Saturday, January 21, 2012
Viewing Texas A&M Through the Eyes of a Recruit
Now that the football season has ended, I thought this would be a good time to talk about something I enjoy talking about: recruiting. National signing day for recruits is a few short weeks away. Recruiting season is in full swing. The lack of success on the field over the last decade has led me to be perpetually overexcited for the incoming class of recruits. Each group seems to have the missing pieces that will lead Texas A&M back to glory. As we all know, that hasn’t quite panned out as hoped. But it still provides us with endless fodder for debates, as only speculating on the future can.

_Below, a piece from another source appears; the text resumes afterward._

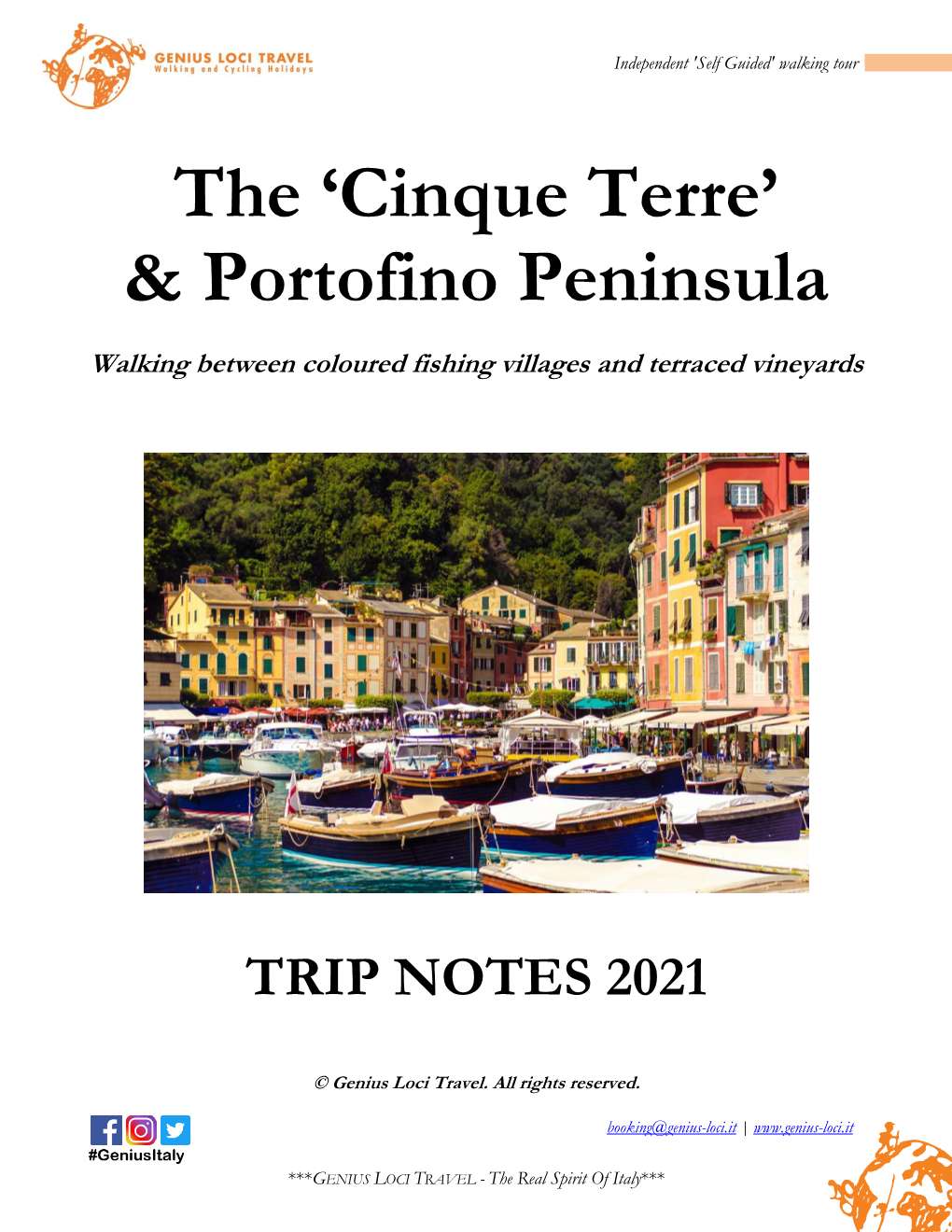 Cinque Terre’ & Portofino Peninsula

I want to take a look at our university through the eyes of a highly sought-after recruit. Why would a star football player from the state of Texas choose A&M? Why would he rather play for the Aggies than the Longhorns, Tigers, or Sooners? What sets our school apart from the rest?
I will focus on the following selling points of Texas A&M: coach, tradition, passionate fan base, SEC, facilities, good academics, the town of College Station, playing time and NFL opportunities. Each aspect will be ranked on a scale of 1 to 5 stars, with 5 being the highest. This will be as unbiased as possible. Thumbs up, let’s do this.

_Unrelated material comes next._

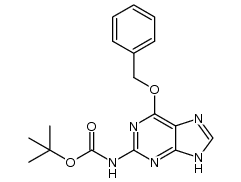 tert-butyl (6-(benzyloxy)-9H-purin-2-yl)carbamate结构式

From everything I have seen, new coach Kevin Sumlin is one hell of a recruiter. I know he didn’t have any otherworldly recruiting classes at Houston, but c’mon, it’s Houston. If I had the chance to play at A&M, UT, or OU, I probably wouldn’t choose Houston. As referenced here before, Sumlin is a Bob Stoops protégé, which hopefully means Sumlin can recruit like Stoops. That is a good thing.
Rank: 4 stars
I am preaching to the choir here – 12th Man, Kyle Field, Wrecking Crew, Corps of Cadets, Yell Practice, etc. No explanation needed. If school tradition is truly what a recruit is looking for, then he may want to check out Aggieland.
Rank: 5 stars
On game day, the 12th Man becomes the loudest bunch of fans in the nation. Kyle Field has consistently been recognized as one of the most difficult stadiums for opponents to play in. There is no doubting the passion and devotion among the Aggies (any school that has students willing to wear overalls for an entire Saturday is fanatical). Unfortunately I haven’t seen anything like this yet at Texas A&M, but I will still give the Aggie faithful a high grade.
Rank: 5 stars
Playing in the SEC
The SEC is the best football conference in America. Six straight national champions is quite the claim to supremacy. If I am from the state of Texas and I’m choosing between playing in the Big 12 and playing in the SEC, it is an easy decision. With the chance to play on CBS, against top competition, in some of the best stadiums in America, the SEC simply offers more than the Big 12. The lone drawback for a recruit from Texas is the distance from home at away games. Texas families can typically travel to Austin, Waco, and Fort Worth much easier than Fayetteville, Oxford, and Tuscaloosa.
Rank: 4.5 stars
Kyle Field is obviously a great place to play… but not to look at. “The Tacklebox” will be renovated soon, but as it stands now, is horrible to look at. The indoor practice facility is state-of-the-art, and the Bright Complex is nice, but With the money and support our program has, our facilities are currently lacking in comparison to the likes of Alabama and Florida. Until the updates are completed, A&M falls short in this category.
Rank: 3.5 stars
When I decided to attend Texas A&M, academics played a large role in my choice. The problem is I was a business major looking to join a fraternity, not a star athlete. Let’s be serious here. Everyone is well aware of the academic prestige at A&M, but I don’t think this significantly factors into recruits’ decisions. They care about football, not how challenging their Math 141 class will be. Instead of dreaming on the job opportunities the Mays Business School will offer them, recruits want a football program that gets them to the NFL.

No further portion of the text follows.